**Work order:** Directions for the data below: repeat exactly the lines from the one with "Žvaigždei nederantys reikalai" through the one with "Anello oro, diamanti e perla EURO 1200", both included, and omit all pictures.

Material provided Start Marker

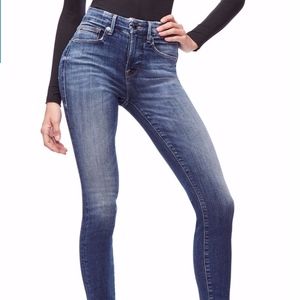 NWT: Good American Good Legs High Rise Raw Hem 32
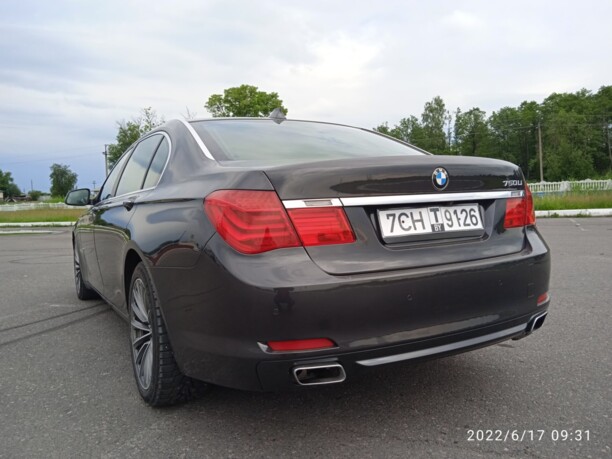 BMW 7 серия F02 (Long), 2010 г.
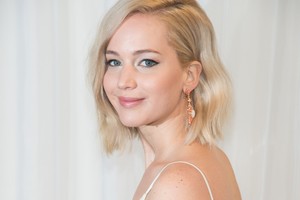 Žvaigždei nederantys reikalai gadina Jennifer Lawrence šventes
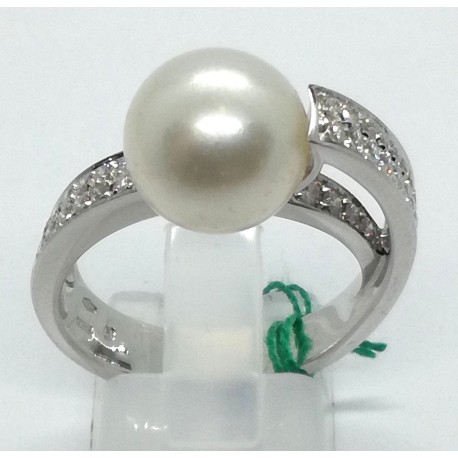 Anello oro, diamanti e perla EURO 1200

Material provided End Marker
Material provided Start Marker

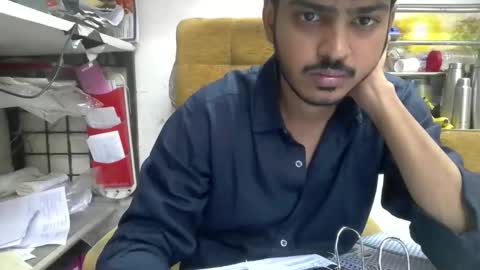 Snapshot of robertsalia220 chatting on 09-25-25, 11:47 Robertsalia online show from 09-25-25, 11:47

Material provided End Marker

**Answer space:**
 Žvaigždei nederantys reikalai gadina Jennifer Lawrence šventes
 Anello oro, diamanti e perla EURO 1200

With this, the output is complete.